* DATA EXTRACT:
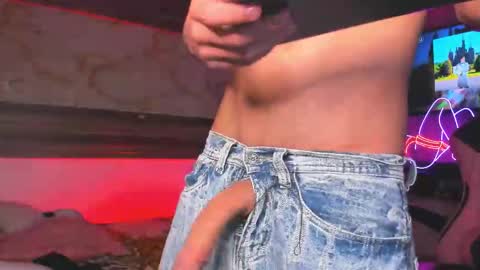 Snapshot of andrees_s chatting on 12.03.25 andrees_s online show from 12.03.25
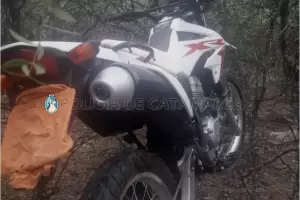 Detienen a dos sujetos que robaron una moto: uno de los delincuentes haba sido condenado por robo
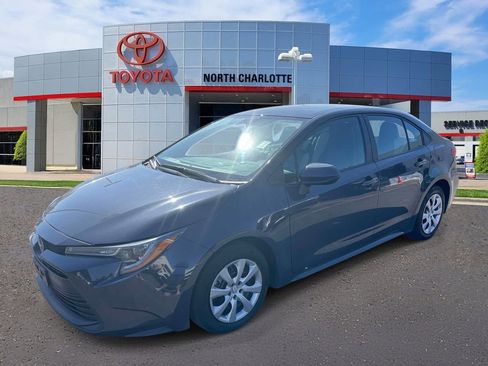 Used 2023 Toyota Corolla LE FWD image 5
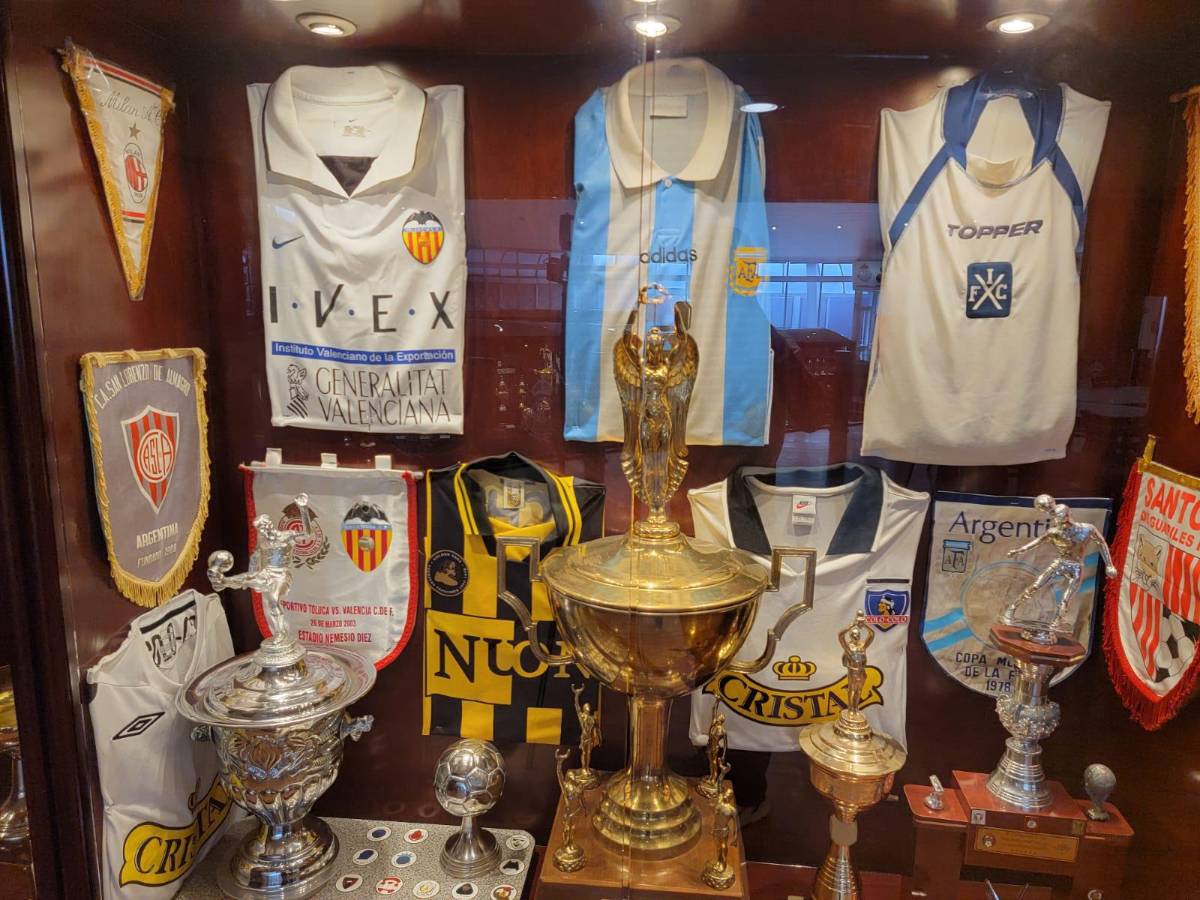 Olimpia y Carlos Pavón relucen en las vitrinas: así es el histórico y hermoso museo del Toluca en el Nemesio Diez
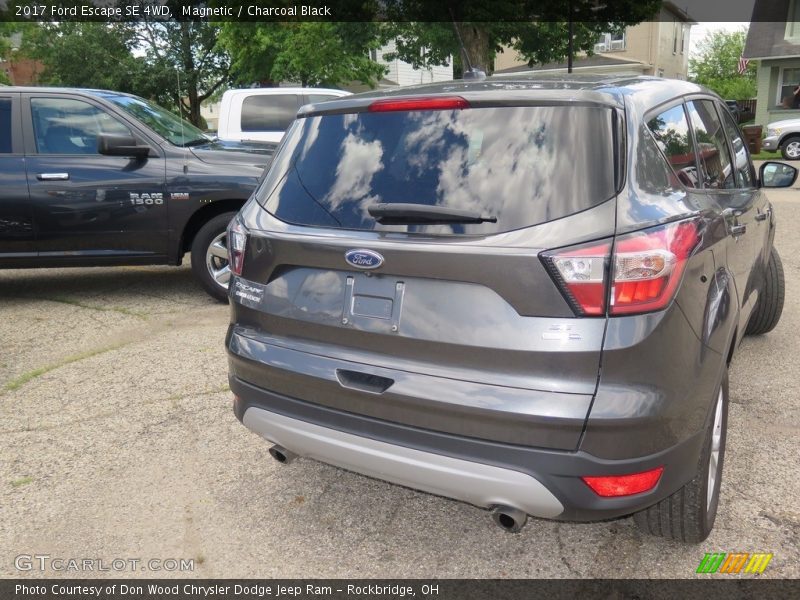 Magnetic / Charcoal Black 2017 Ford Escape SE 4WD
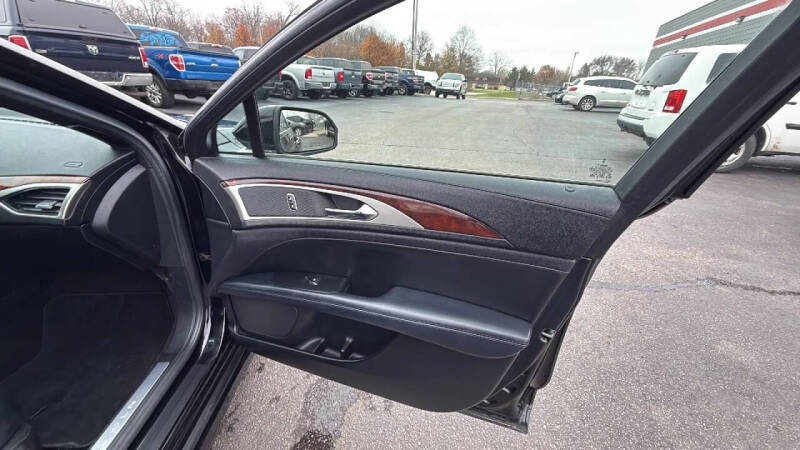 2017 Lincoln MKZ Select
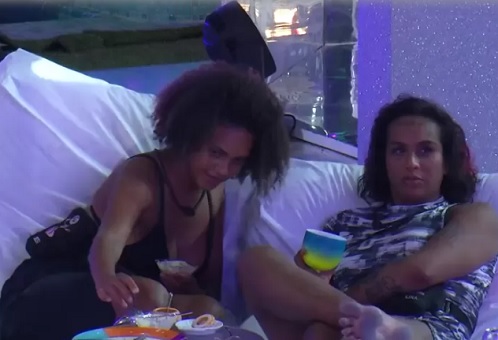 Leia mais sobre o artigo Lina faz desabafo enigmático com Jessi: ‘Lá fora posso contar tudo’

* WORK TO COMPLETE: Omit all pictures, and repeat exactly the lines from the line containing "Olimpia y Carlos" through the end of the data.

* TASK OUTPUT:
 Olimpia y Carlos Pavón relucen en las vitrinas: así es el histórico y hermoso museo del Toluca en el Nemesio Diez
 Magnetic / Charcoal Black 2017 Ford Escape SE 4WD
 2017 Lincoln MKZ Select
 Leia mais sobre o artigo Lina faz desabafo enigmático com Jessi: ‘Lá fora posso contar tudo’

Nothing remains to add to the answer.